Caption-style text data:
----

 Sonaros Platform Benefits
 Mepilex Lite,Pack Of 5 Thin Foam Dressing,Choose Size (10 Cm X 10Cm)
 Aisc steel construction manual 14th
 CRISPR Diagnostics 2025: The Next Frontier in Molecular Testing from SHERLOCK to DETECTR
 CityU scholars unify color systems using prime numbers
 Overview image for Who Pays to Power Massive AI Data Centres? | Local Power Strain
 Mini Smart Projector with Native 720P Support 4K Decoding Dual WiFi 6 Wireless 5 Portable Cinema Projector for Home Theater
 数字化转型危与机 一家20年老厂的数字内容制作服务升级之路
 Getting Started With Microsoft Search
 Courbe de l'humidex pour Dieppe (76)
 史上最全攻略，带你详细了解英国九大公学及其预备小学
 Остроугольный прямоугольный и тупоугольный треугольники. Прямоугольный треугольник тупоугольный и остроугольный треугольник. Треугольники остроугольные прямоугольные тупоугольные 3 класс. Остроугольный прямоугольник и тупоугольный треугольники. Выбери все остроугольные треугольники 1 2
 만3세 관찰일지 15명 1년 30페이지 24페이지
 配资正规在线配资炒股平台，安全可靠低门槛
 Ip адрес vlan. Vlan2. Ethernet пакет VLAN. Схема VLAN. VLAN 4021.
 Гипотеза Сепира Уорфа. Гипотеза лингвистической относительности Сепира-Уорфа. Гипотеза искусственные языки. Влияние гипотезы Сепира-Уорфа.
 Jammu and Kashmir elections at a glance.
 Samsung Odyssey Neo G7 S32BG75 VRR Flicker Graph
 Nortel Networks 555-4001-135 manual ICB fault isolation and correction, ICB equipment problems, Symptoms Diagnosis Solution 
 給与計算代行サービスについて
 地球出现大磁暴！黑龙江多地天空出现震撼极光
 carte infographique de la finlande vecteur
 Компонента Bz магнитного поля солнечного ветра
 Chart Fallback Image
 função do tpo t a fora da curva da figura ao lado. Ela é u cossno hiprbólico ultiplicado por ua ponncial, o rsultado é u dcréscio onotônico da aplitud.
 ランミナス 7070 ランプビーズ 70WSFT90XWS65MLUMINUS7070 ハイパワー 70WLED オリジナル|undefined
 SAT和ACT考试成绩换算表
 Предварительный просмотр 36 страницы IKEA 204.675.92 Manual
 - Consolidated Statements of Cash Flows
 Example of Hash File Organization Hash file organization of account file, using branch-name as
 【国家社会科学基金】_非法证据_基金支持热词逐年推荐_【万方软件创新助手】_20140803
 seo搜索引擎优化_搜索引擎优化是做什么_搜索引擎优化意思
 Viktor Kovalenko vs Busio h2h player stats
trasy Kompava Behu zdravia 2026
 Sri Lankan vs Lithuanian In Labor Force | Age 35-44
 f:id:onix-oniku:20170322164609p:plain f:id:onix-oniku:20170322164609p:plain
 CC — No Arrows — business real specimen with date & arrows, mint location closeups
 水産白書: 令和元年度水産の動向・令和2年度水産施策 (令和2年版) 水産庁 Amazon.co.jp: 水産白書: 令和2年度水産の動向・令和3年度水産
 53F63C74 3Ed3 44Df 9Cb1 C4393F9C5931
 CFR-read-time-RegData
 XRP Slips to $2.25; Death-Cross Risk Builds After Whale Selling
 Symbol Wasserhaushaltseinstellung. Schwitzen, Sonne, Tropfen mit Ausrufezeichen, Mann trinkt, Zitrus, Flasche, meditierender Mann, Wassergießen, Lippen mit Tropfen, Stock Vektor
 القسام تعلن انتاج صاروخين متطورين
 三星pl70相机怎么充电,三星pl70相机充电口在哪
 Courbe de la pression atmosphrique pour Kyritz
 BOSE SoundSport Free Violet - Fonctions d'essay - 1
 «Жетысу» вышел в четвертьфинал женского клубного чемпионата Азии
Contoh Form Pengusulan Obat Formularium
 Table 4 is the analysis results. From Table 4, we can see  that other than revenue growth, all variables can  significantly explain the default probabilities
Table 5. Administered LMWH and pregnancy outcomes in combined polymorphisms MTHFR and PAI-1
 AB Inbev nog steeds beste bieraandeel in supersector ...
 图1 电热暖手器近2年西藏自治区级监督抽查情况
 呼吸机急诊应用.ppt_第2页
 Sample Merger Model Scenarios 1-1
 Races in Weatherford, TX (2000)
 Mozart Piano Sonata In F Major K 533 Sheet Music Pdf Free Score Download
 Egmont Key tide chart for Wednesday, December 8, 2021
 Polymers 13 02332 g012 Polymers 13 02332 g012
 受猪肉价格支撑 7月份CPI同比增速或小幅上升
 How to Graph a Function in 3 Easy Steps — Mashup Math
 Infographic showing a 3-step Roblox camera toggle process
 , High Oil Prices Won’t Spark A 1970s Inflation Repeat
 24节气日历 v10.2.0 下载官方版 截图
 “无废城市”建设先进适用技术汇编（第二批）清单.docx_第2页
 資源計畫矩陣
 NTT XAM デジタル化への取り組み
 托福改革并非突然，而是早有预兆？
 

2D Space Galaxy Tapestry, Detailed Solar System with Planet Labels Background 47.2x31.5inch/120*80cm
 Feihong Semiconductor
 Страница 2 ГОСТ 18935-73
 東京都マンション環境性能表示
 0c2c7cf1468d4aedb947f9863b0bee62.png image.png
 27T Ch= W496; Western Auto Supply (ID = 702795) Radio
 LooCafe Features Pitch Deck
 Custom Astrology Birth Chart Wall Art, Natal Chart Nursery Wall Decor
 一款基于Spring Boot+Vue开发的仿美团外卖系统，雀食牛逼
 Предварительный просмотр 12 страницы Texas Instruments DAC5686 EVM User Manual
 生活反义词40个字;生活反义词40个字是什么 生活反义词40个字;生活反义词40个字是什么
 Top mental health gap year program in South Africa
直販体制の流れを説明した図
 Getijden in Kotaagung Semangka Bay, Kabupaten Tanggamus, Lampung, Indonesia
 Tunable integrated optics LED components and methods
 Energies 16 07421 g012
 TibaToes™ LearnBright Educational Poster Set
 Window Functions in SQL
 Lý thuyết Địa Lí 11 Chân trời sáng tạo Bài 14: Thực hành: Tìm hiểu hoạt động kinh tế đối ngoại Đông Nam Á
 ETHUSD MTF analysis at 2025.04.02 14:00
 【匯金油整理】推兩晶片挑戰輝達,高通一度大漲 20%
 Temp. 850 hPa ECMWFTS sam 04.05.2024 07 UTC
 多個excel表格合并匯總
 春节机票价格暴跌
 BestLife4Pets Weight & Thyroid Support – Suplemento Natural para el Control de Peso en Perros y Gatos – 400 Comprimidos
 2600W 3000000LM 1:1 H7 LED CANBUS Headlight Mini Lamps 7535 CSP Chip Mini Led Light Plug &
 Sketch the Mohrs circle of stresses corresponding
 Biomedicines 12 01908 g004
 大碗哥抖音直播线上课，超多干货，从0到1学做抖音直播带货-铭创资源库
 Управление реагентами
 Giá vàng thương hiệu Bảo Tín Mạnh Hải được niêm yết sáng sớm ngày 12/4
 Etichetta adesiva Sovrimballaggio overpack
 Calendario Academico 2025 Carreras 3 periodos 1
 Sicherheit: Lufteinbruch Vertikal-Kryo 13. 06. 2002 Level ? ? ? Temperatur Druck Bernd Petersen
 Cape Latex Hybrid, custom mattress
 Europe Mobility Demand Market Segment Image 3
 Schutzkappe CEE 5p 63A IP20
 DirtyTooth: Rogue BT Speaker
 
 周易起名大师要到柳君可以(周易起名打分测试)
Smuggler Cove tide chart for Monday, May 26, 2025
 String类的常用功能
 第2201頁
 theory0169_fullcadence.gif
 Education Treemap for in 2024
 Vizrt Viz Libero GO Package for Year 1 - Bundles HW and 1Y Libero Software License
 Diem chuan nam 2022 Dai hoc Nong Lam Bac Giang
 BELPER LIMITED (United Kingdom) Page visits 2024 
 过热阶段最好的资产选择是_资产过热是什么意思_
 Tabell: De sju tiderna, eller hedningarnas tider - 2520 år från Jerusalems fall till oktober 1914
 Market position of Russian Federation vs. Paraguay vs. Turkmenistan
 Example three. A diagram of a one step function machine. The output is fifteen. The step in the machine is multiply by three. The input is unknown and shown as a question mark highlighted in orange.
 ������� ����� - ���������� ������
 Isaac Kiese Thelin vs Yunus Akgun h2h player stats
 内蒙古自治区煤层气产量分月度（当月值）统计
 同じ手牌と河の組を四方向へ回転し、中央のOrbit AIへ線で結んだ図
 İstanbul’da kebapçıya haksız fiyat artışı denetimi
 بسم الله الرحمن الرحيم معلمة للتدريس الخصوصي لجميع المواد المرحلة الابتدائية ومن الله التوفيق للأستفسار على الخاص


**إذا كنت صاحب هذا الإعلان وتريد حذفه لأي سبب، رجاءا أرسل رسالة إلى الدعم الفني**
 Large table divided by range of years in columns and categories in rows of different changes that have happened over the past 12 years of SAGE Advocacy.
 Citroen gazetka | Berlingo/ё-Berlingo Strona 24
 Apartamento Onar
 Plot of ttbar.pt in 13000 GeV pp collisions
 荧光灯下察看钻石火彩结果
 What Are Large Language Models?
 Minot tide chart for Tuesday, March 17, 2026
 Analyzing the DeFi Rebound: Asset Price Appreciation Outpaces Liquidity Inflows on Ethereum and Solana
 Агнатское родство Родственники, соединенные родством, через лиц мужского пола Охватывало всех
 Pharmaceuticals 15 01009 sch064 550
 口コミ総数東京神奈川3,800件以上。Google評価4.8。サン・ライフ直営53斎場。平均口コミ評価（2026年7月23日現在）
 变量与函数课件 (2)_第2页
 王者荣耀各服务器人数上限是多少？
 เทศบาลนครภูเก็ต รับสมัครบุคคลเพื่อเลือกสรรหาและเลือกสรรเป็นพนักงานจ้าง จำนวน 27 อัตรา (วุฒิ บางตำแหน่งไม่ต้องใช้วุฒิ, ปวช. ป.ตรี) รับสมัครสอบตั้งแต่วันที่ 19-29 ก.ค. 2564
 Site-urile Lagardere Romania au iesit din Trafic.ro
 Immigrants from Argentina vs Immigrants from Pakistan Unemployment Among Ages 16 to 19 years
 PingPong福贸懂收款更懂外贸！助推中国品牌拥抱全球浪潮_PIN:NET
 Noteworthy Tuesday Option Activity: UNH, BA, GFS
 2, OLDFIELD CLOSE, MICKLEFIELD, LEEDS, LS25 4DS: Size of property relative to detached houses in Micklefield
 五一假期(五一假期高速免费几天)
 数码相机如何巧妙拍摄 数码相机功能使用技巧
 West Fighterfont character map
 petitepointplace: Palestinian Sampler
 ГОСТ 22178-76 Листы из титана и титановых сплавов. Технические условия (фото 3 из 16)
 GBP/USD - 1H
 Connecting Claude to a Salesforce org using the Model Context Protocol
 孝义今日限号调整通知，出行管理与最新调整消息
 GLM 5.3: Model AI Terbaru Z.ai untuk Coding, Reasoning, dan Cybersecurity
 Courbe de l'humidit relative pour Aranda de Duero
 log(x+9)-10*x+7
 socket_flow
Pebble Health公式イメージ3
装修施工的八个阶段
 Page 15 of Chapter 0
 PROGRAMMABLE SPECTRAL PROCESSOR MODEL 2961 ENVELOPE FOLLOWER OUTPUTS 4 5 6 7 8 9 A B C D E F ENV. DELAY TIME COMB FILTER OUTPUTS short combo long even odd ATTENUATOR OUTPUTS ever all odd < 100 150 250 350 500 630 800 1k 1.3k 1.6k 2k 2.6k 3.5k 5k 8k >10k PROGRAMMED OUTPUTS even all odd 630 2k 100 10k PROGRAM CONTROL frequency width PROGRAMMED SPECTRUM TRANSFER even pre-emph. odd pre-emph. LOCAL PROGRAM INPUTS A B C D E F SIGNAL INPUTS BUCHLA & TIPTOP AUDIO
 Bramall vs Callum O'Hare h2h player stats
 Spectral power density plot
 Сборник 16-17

----

_TASK DIRECTIONS_
Your task is to list each line of the records with the word "analysis".

_RESULT FOR THIS TASK_
 Table 4 is the analysis results. From Table 4, we can see  that other than revenue growth, all variables can  significantly explain the default probabilities
 ETHUSD MTF analysis at 2025.04.02 14:00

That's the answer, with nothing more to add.